Заура убили, Жорик умер, Гоша уехал в Таганрог и спился, Важика катает в инвалидной коляске его старший сын Герман, я…
А где собака Кошка?
Синие губы
По владикавказским меркам он был звездой. Его любили, он собирал зальчики, а в многочисленных кафешках на Проспекте Мира ему наливали бесплатный кофе. По крайней мере, ему самому казалось, что он звезда. Не какая-нибудь там местечковая белая звезда-карлик, а настоящая межгалактическая рок-звезда. А когда тебе что-то кажется, так оно и есть.
Обычно Бэвид бродил по центру с гитарой. Иногда встречал друзей и выпивал с ними по стаканчику-другому в бельгийском баре возле парка. Но чаще – шатался без дела и пел свои и чужие песни на улицах.
Вот и в тот день он дополз до памятника Коста напротив Дома Искусств. Певец униженных и оскорбленных, как всегда, сидел на скамейке и холодным взглядом наблюдал за жизнью маленького провинциального города. Бэвид сел рядом и заиграл незамысловатую песенку о Зигги Стардасте, но только на осетинском. Он перевел оригинальный текст еще вчера и вот сейчас решил поделиться этой радостью с Коста и горожанами.
Пелось легко и беззаботно, люди то и дело останавливались рядом, дети нагло смотрели в глаза, а собаки вынюхивали чьи-то следы на подошвах его потрепанных «адидасов».
На последнем аккорде визуаилизировалась пара преданных слушателей – худой и толстый полицейские.

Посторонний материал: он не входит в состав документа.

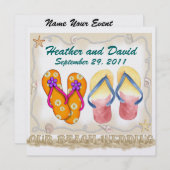 Invitation Mariage plage (Devant / Derrière)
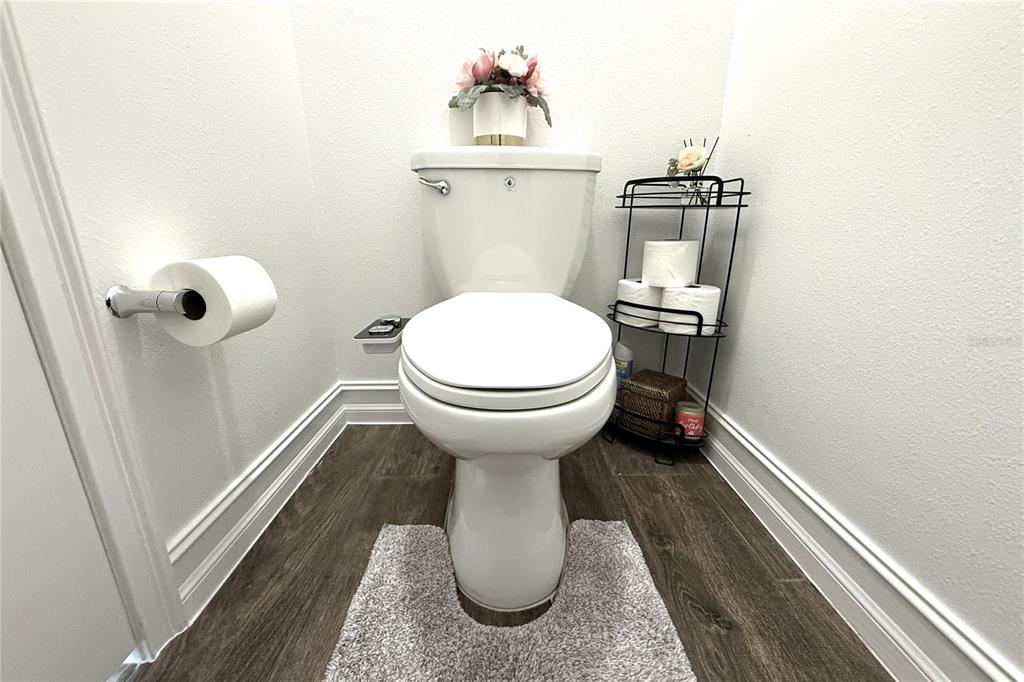 18331 Serene Lk Loop Lutz, FL 33548 - Photo 34 of 46 a bathroom with a toilet sink and mirror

Но хлопать они не собирались.
В отделении было душно и пахло прогнившей преступностью. Худой полицейский сразу же начал заполнять какие-то бумаги, а толстяк предложил Бэвиду вытащить из карманов личные вещи. Через полминуты на столе лежали: губная гармошка, медиатор, блокнот, жвачка, две смятые сторублевки и монеты. Тут-то и началась экзистенциальная пьеса.
– Осетин? – небрежно спросил худой полицейский.
– Угу, – ответил Бэвид.
– Шашлыков? Буа-а-а! Откуда ты такой? – подключился толстяк.
– От папы, – сказал Бэвид.
– А папа кто?
– Папа? Инал. Инал Шашлыков из Батако.
– А тебя как зовут? Фыдчин? Буа-а-а! – продолжал хохмить толстый полицейский.
– Бэвид.
– Дэвид? – спросил худой.
– Бэвид. Бэвид-Доуи.
– Как-как? – разозлился толстяк.
– Бэвид-Доуи Шашлыков, – ответил Бэвид.
– В смысле? Реально по паспорту?
– Ну вот же – смотрите!
– Имя отец придумал? – строго спросил худой полицейский.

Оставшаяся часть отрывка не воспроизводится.